The easiest and best Cocoa Brownies recipe you’ll ever make. All you need is a bowl and good cocoa powder for this simple, satisfying brownie recipe.

Some of you have asked whether I care about fat content in my recipes, and others have accused me of being cruel for sharing a rich cocoa brownies recipe if you’re trying to eat healthier. I’ve received plenty of emails about it, so let me reassure you: these brownies strike a balance. They’re not diet food, but the tweaks I made improve the recipe without sacrificing flavor. Trust me—you’ll feel better about indulging.

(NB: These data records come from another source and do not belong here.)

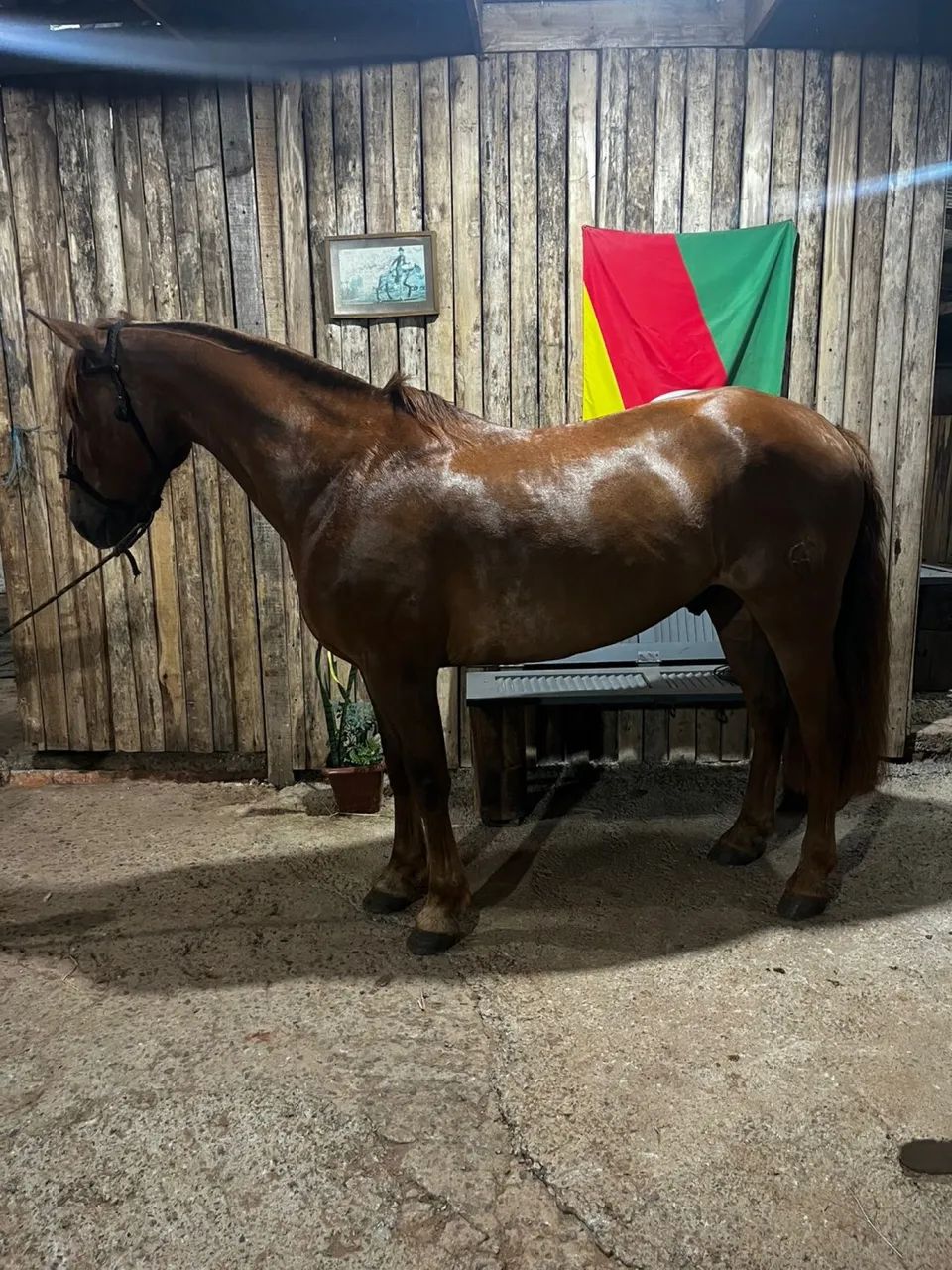 Cavalo capado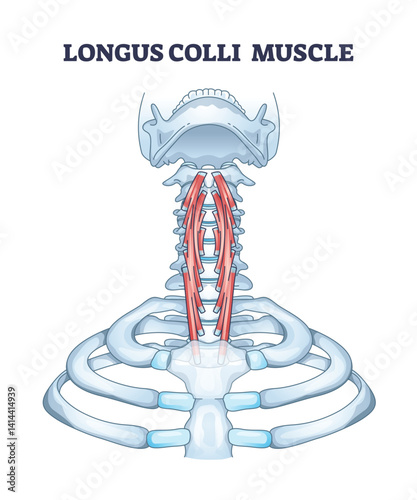 The Longus Colli Muscle Diagram shows the muscles position in the neck, highlighting the spine and ribs. Diagram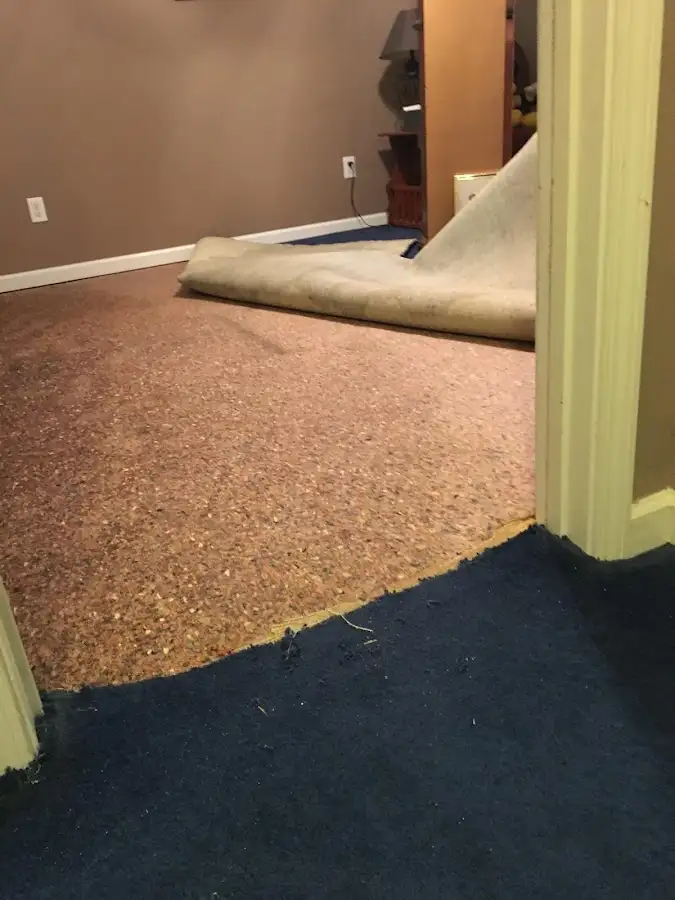 Carpet pad removal revealing water damage during Water Mitigation Services in Geneva
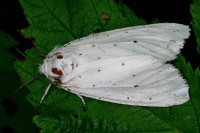 Spilosoma lubricipeda, female  1564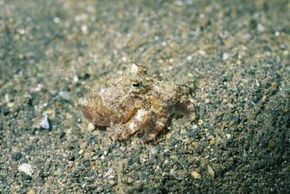 octopus hiding in sand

This cocoa brownie recipe has been circulating online for years and has seen many adaptations. I took the challenge of refining it—making small, thoughtful changes to improve texture and nutrition while keeping that classic, intense chocolate flavor. If you care about a slightly healthier bake, these adjustments are worth it. If you prefer full-on decadence, keep going—you won’t be disappointed either.
These brownies aren’t health food, but compared to some versions they are lighter. If you expect Weight Watchers or South Beach-style nutrition labeling, this isn’t that kind of recipe. And let’s be honest: however careful we try to be, a pan of brownies has a way of disappearing fast. That’s part of their charm.

Despite the modest ingredient list, these brownies deliver: a texture that sits perfectly between cake and fudge, a slow-melting crumb, and rich cocoa notes that linger on the palate. They’re easy to make and reliably delicious—one batch will convert anyone who thinks boxed mixes are the easiest route.
Move over boxed mixes—the simplest, most delicious cocoa brownies are here. Try them and let me know what you think.
Best Cocoa Brownies
Adapted from Alice Medrich’s Bittersweet
Makes 16–32 browniesThese brownies benefit from good-quality ingredients. Whole wheat pastry flour adds a subtle, pleasant texture, but all-purpose flour works well too. A high-quality cocoa powder and a pure vanilla extract noticeably improve the final flavor. I tested this recipe with several cocoa brands and found all produced great results, though premium cocoa lends a deeper, fruitier chocolate note.
Ingredients:
10 tablespoons (1 ¼ sticks or 137 grams) unsalted butter, cut into slices
1 ¼ cups natural cane sugar (or granulated sugar)
¾ cup plus 2 tablespoons (82 grams) unsweetened cocoa powder (natural or dutch-process)
¼ teaspoon fine sea salt
½ teaspoon pure vanilla extract
2 large eggs, cold
½ cup (65 grams) whole wheat pastry flour (or all-purpose flour)
⅔ cup toasted walnut or pecan pieces (optional)Preparation:
1. Preheat the oven to 325ºF and position a rack in the upper third. Line an 8×8-inch baking pan with parchment paper or foil, leaving an overhang on two opposite sides for easy removal.
2. Place the butter in a heatproof bowl and melt it in the microwave (about 1 minute) or in a saucepan on the stove. When melted, stir in the sugar, cocoa, and salt until combined. The mixture may look gritty at this stage; it will smooth out as you continue.
3. Stir in the vanilla extract. Add the eggs one at a time, mixing vigorously after each until the batter looks glossy and well blended. Add the flour all at once, stir until incorporated, then beat vigorously for forty strokes with a wooden spoon or heatproof spatula. Fold in nuts if using.
4. Spread the batter evenly in the prepared pan. Bake until a toothpick inserted in the center comes out slightly moist with batter—about 20 to 30 minutes (my pan took around 30 minutes). The brownies continue to set as they cool.
5. Cool the pan completely on a rack. Using the parchment overhang, lift the brownies from the pan and transfer to a cutting board. Slice into 16, 25, or 32 squares depending on desired portion size. Smaller squares are perfect for sharing or freezing individual servings for later—frozen brownies make a convenient treat for chocolate cravings.